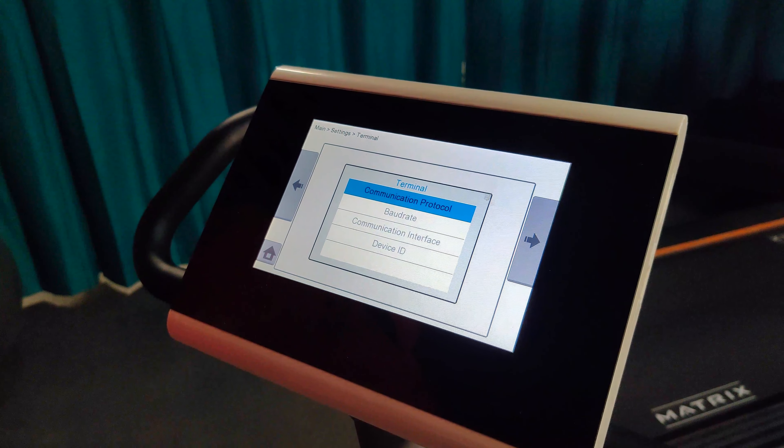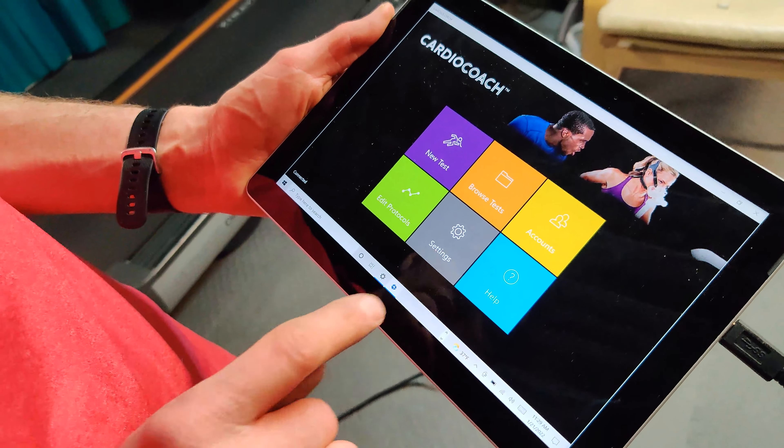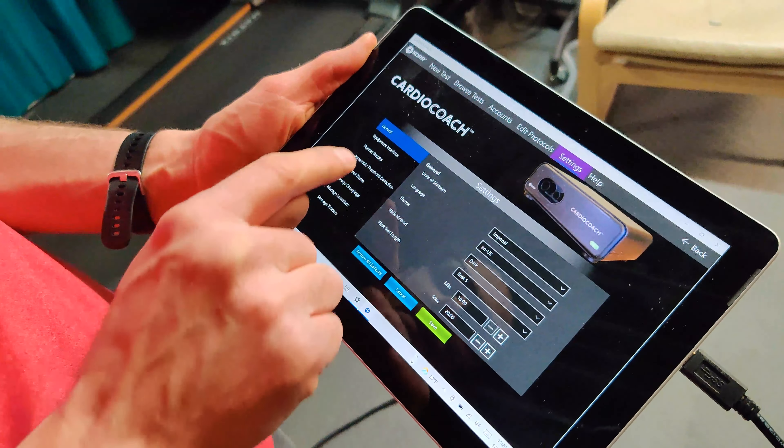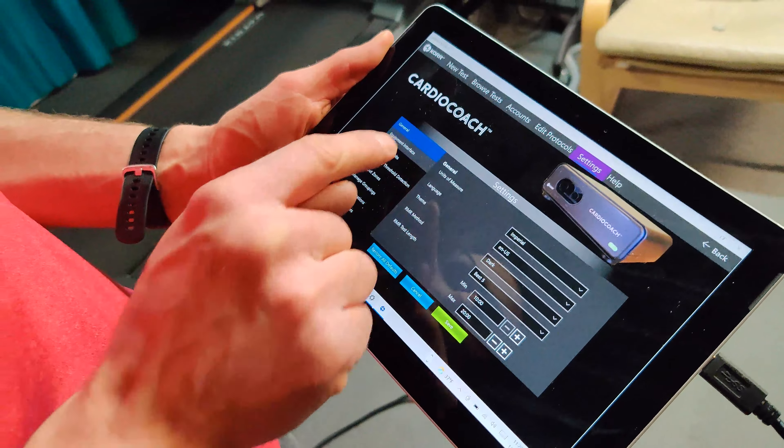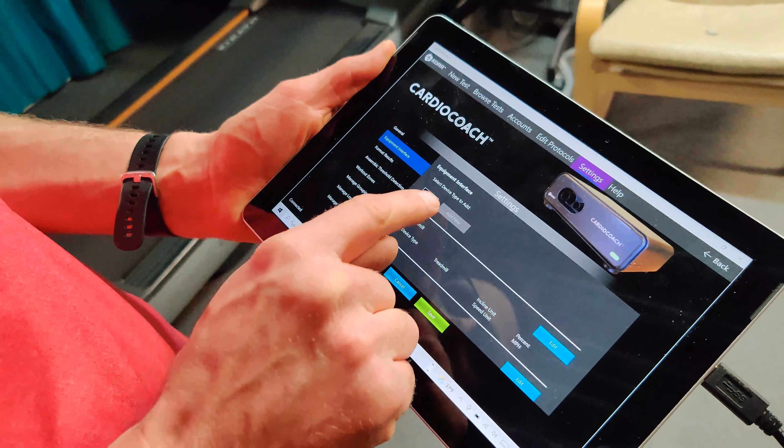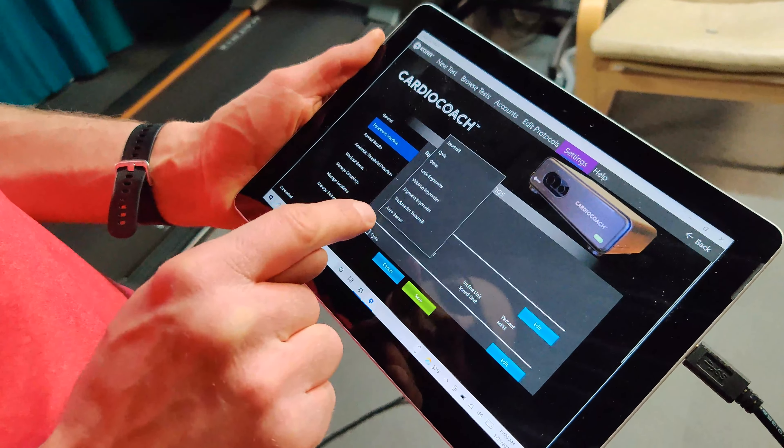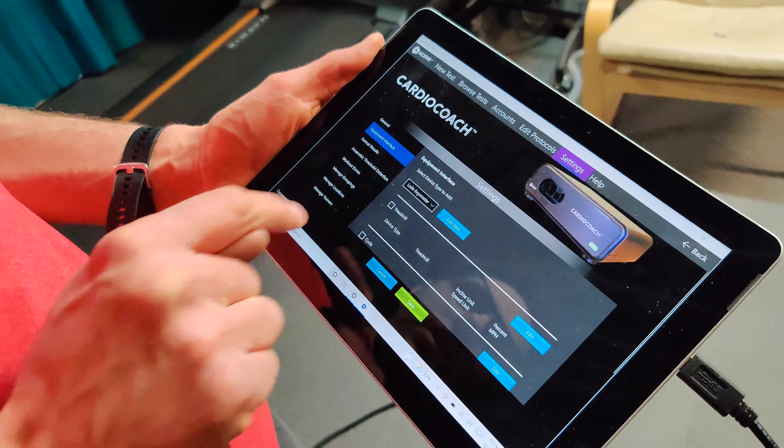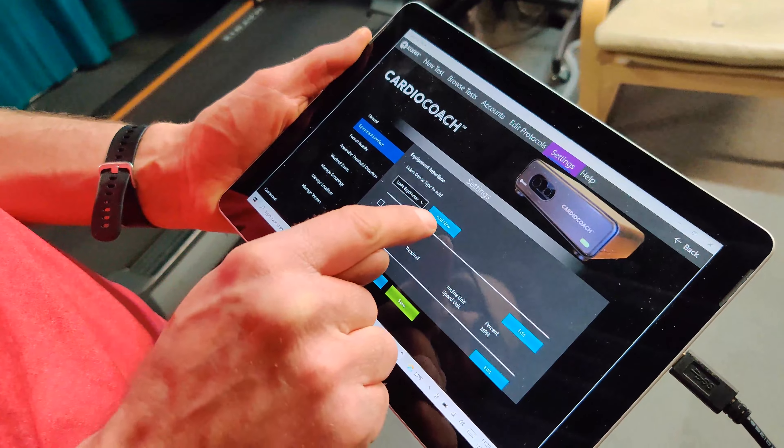Now go to the CardioCoach software, select Settings, then Equipment Interface. In the dropdown under Select Device Type, select Load Ergometer.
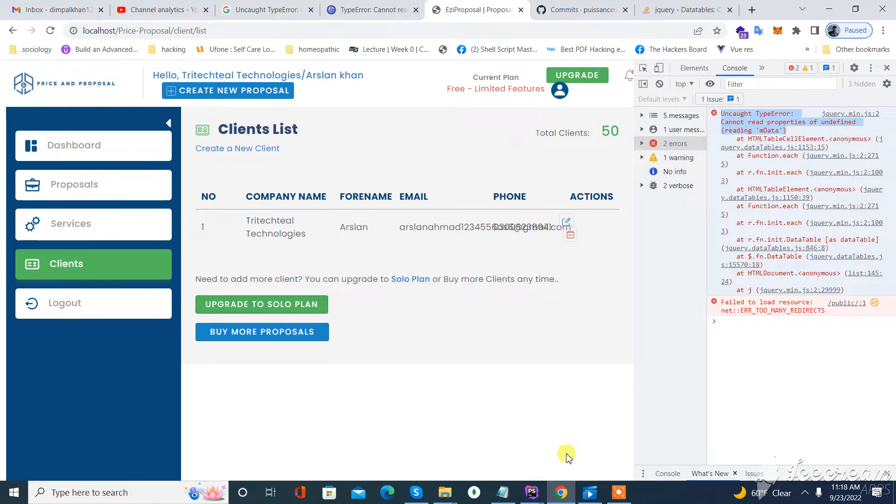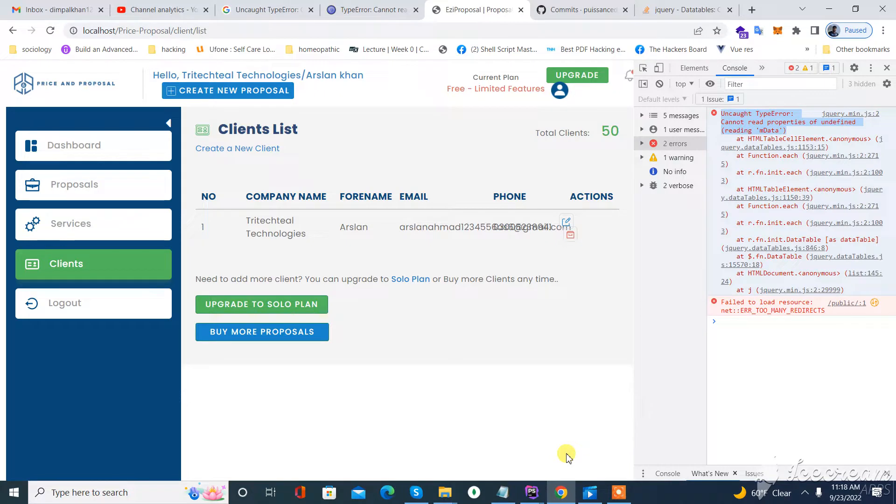Assalamualaikum. In this video, we learn how to get rid of this issue: an uncaught type error 'cannot read property of undefined reading M data.' I am getting this issue while using DataTables in my project, so let's try to figure it out.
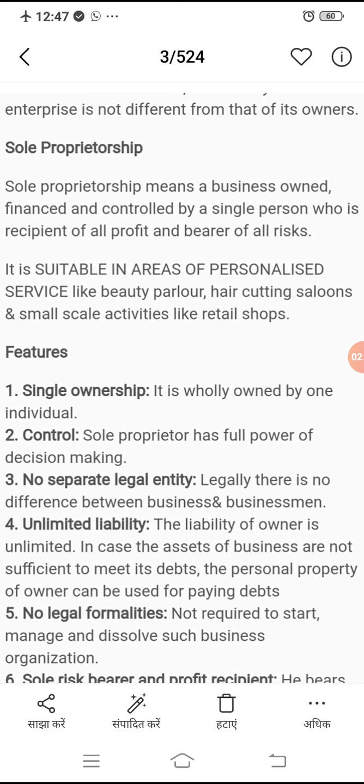Number four, unlimited liability — ismein jo liability hoti hai owner ki, woh unlimited hoti hai, kyunki woh kisi se bhi isko share nahi kar sakta. Woh apne business ko akele run kar raha hai, toh yahan uski jo liability hai woh puri banti hai. Unlimited ka matlab hai ki sari zimmedari uski khud ki hoti hai — agar unka business kabhi karj mein ho ya koi loss ho jaye, toh usko sara bear karna padega, even apne debts chukane ke liye apni personal property bhi sale karni pad sakti hai.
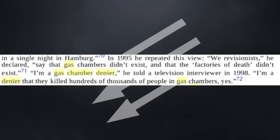Even the most famous denier of them all, David Irving, said, I'm a gas chamber denier. I'm a denier that they killed hundreds of thousands of people in gas chambers, yes.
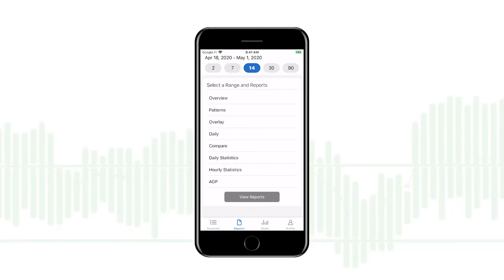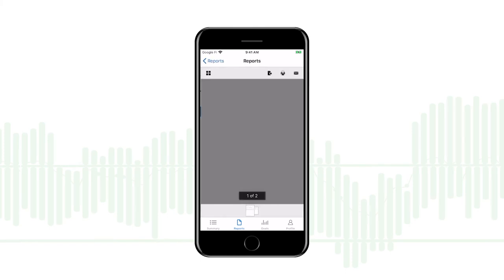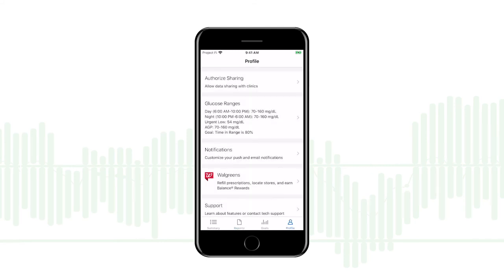I just select the date range I want and which type of report I want, and then I get a PDF that I can print, save, or email. From here I can also control notifications or emails.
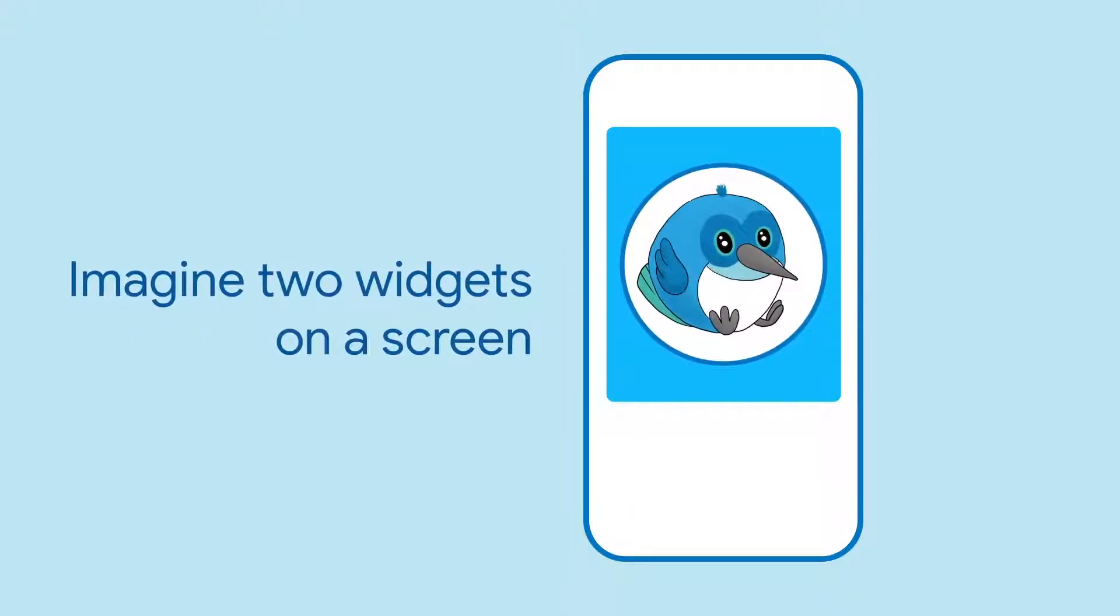Imagine a screen in a contacts app that has two widgets in a stack, a background, and a circular avatar.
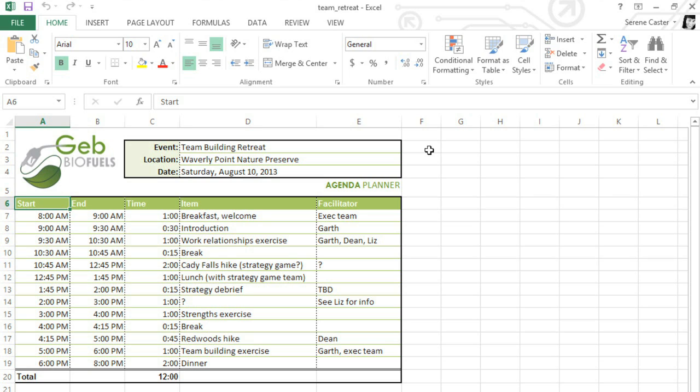There may come a time when you're collaborating on a project and you want a friend or coworker to make some changes to your workbook. In this example, I'm creating a schedule for a company retreat, and I want my teammates to fill in some of the blanks and possibly make some corrections.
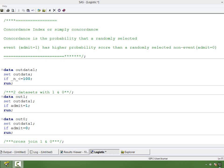In this video I will talk about concordance or concordance index — they are essentially the same. I will talk about how to compute concordance index in a dataset. We will be using Base SAS and PROC SQL to do that.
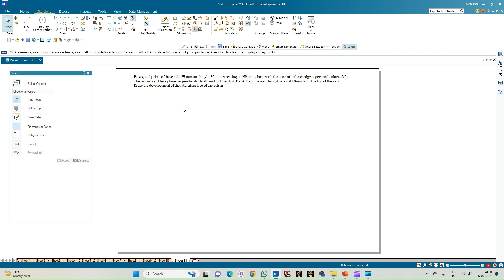Welcome to Mickey's Study Circle channel. In this video we shall see how to do the computer drafting of development of the lateral surfaces of solids using the Solid Edge software. In this problem statement, we have a hexagonal prism of base side 25 mm and height 50 mm, resting on HP on its base, such that one of its base edges is perpendicular to VP. The prism is cut by a plane perpendicular to VP and inclined to HP at 45 degrees.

» Exercise details
Leave out the pictures and repeat the remaining data exactly.

» Task response
Now go to the CardioCoach software, select Settings, then Equipment Interface. In the dropdown under Select Device Type, select Load Ergometer.
Assalamualaikum. In this video, we learn how to get rid of this issue: an uncaught type error 'cannot read property of undefined reading M data.' I am getting this issue while using DataTables in my project, so let's try to figure it out.
Number four, unlimited liability — ismein jo liability hoti hai owner ki, woh unlimited hoti hai, kyunki woh kisi se bhi isko share nahi kar sakta. Woh apne business ko akele run kar raha hai, toh yahan uski jo liability hai woh puri banti hai. Unlimited ka matlab hai ki sari zimmedari uski khud ki hoti hai — agar unka business kabhi karj mein ho ya koi loss ho jaye, toh usko sara bear karna padega, even apne debts chukane ke liye apni personal property bhi sale karni pad sakti hai.
Even the most famous denier of them all, David Irving, said, I'm a gas chamber denier. I'm a denier that they killed hundreds of thousands of people in gas chambers, yes.
I just select the date range I want and which type of report I want, and then I get a PDF that I can print, save, or email. From here I can also control notifications or emails.
Imagine a screen in a contacts app that has two widgets in a stack, a background, and a circular avatar.
There may come a time when you're collaborating on a project and you want a friend or coworker to make some changes to your workbook. In this example, I'm creating a schedule for a company retreat, and I want my teammates to fill in some of the blanks and possibly make some corrections.
In this video I will talk about concordance or concordance index — they are essentially the same. I will talk about how to compute concordance index in a dataset. We will be using Base SAS and PROC SQL to do that.
Welcome to Mickey's Study Circle channel. In this video we shall see how to do the computer drafting of development of the lateral surfaces of solids using the Solid Edge software. In this problem statement, we have a hexagonal prism of base side 25 mm and height 50 mm, resting on HP on its base, such that one of its base edges is perpendicular to VP. The prism is cut by a plane perpendicular to VP and inclined to HP at 45 degrees.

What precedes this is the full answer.